Write out the entries below exactly, but only from the line containing "啊 导演拍摄也好 画面质感唯美 最后是毛泽东不容易 从给李大钊" through the line containing "وزارة الصحة تكشف", and without the pictures.

*** Opening of Provided material ***

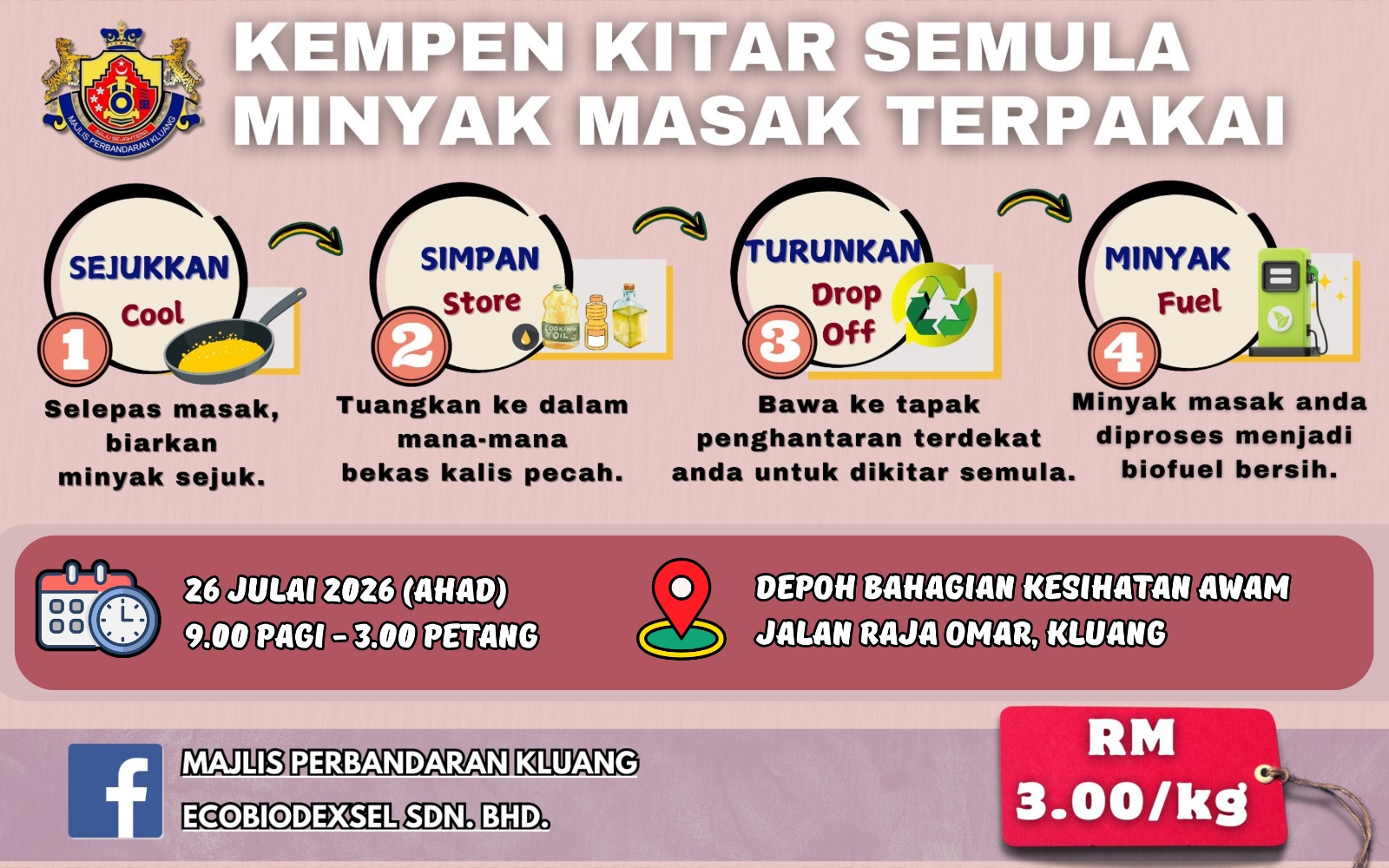 KEMPEN KITAR SEMULA PANDU LALU BERGANJARAN DAN KITAR SEMULA MINYAK MASAK TERPAKAI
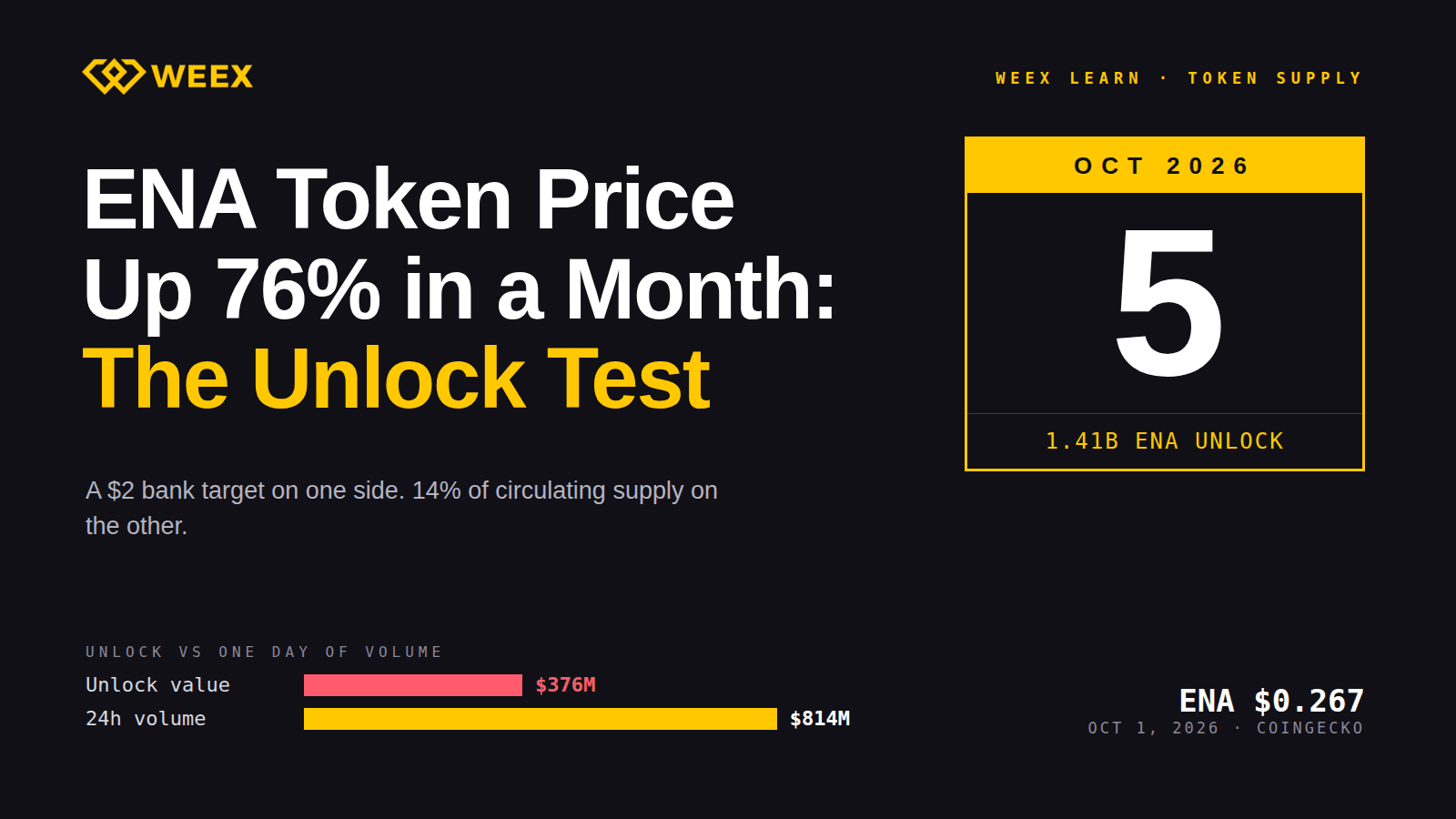 Prix du token ENA en hausse de 76 % en un mois : le test du déblocage du 05/10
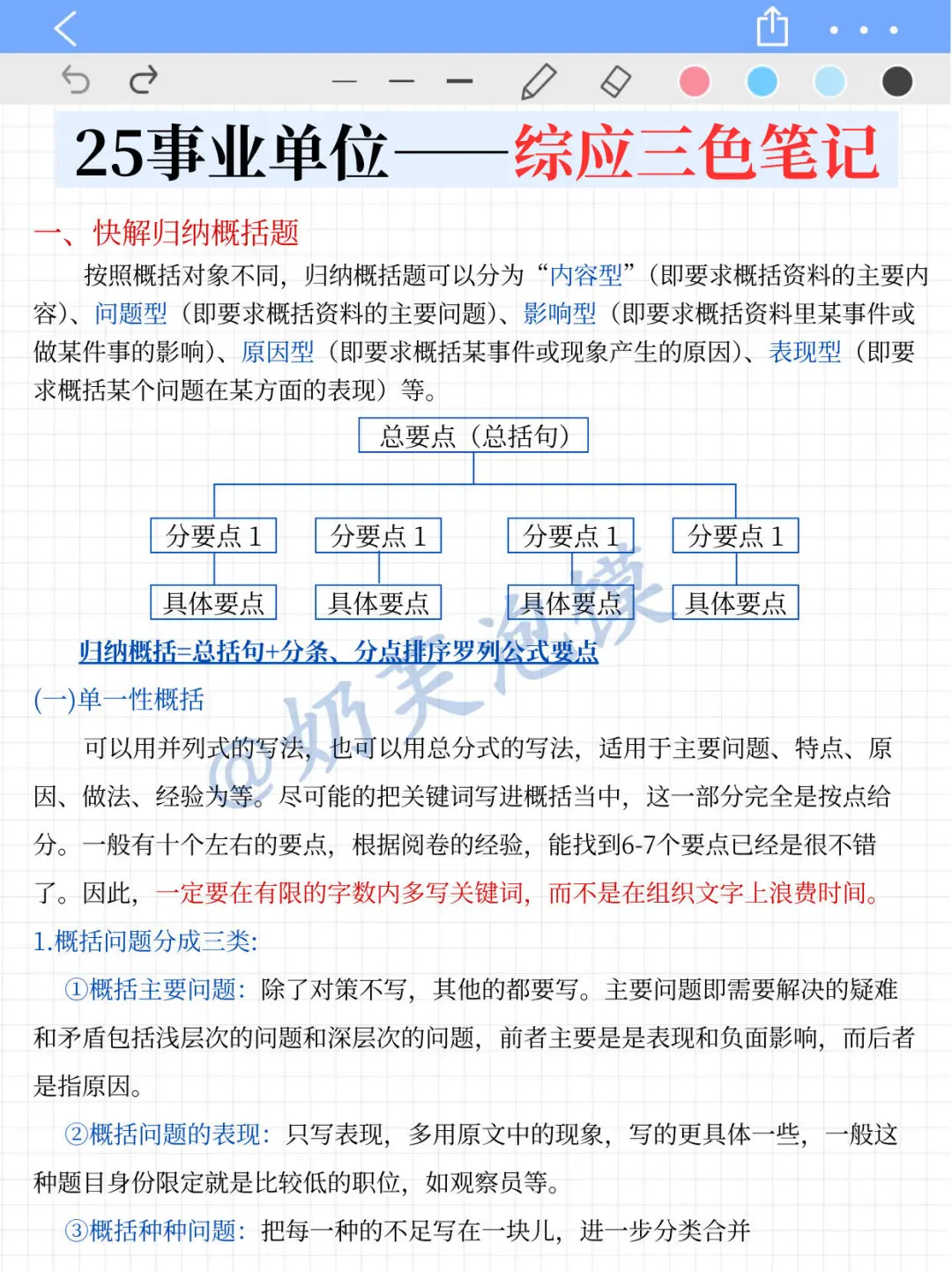 7月后再准备25下事业单位，我的建议是：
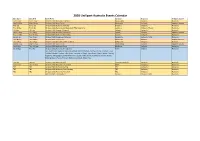 2020 Unisport Australia Events Calendar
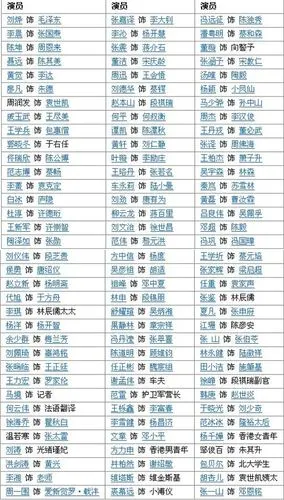 啊 导演拍摄也好 画面质感唯美 最后是毛泽东不容易 从给李大钊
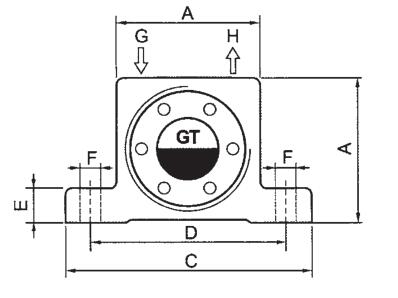 GT Series Pneumatic Turbine Vibrator 6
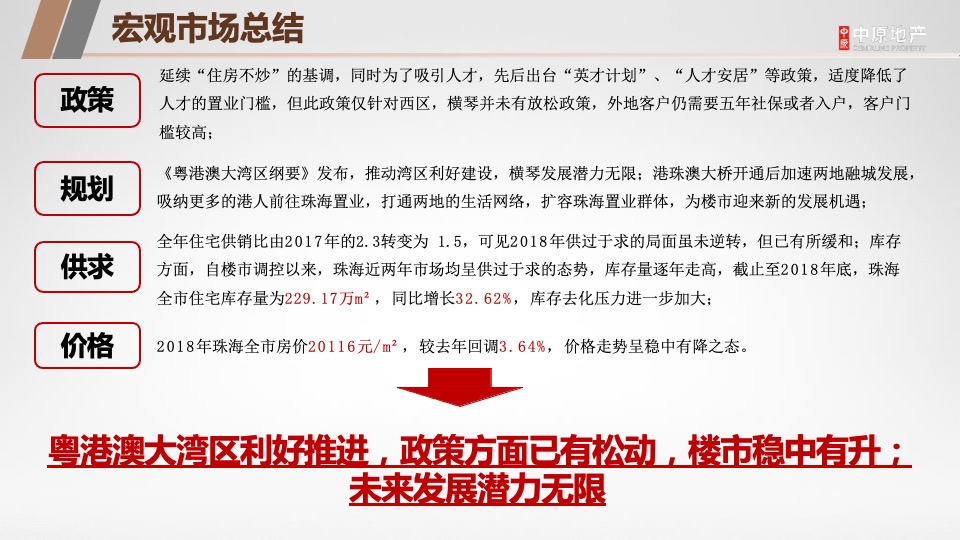 珠海龙光玖龙玺营销拓盘报告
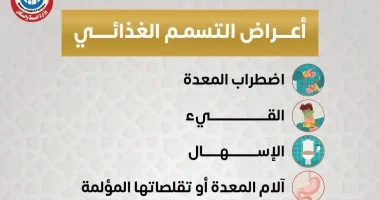 وزارة الصحة تكشف أعراض التسمم الغذائى وتحذر: لا تتجاهل هذه العلامات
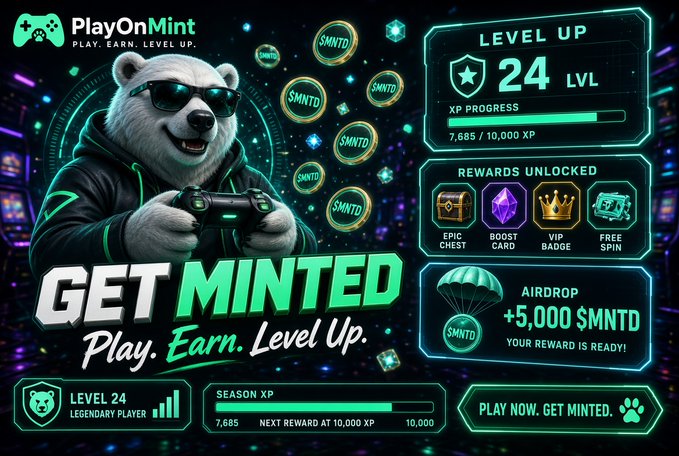 A gaming promotional banner for PlayOnMint featuring a polar bear in sunglasses holding a controller, with text 'GET MINTED - Play. Earn. Level Up.' showing Level 24 at 7,685/10,000 XP and rewards including Epic Chest, Boost Card, VIP Badge, and Free Spin plus a +5,000 $MNTD airdrop.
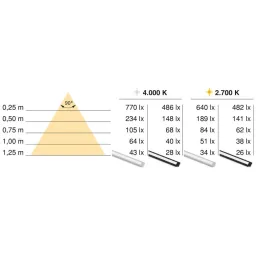 Ugradbena aluminijska letvica s LED trakom i pokrovom PYXIS / Crna mat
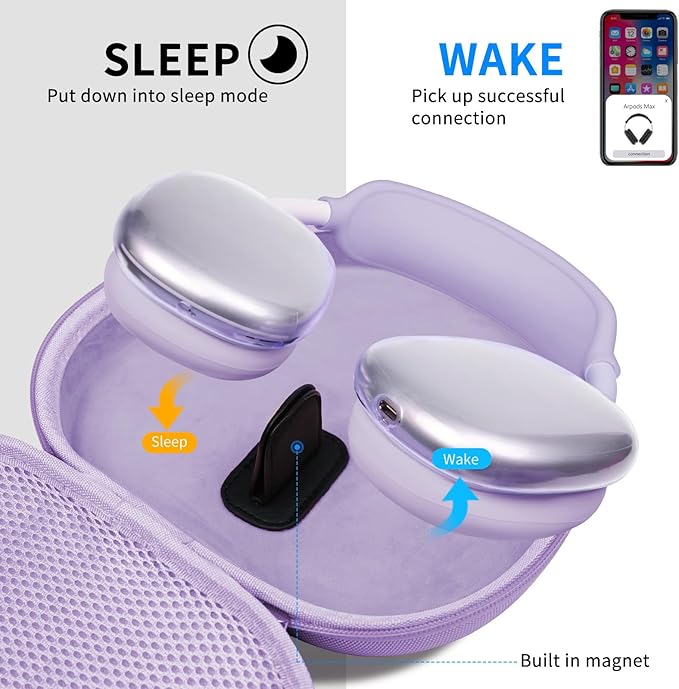 Hard Case for AirPods Max Supports Sleep Mode,Travel Carrying Headphone Case with AirPods Max Clear Ear Cups Cover/Silicone Earpad Case/Headband Cover,AirPod Max Protective Portable Storage Bag,Purple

*** Close of Provided material ***

> _Problem solution_:
 啊 导演拍摄也好 画面质感唯美 最后是毛泽东不容易 从给李大钊
 GT Series Pneumatic Turbine Vibrator 6
 珠海龙光玖龙玺营销拓盘报告
 وزارة الصحة تكشف أعراض التسمم الغذائى وتحذر: لا تتجاهل هذه العلامات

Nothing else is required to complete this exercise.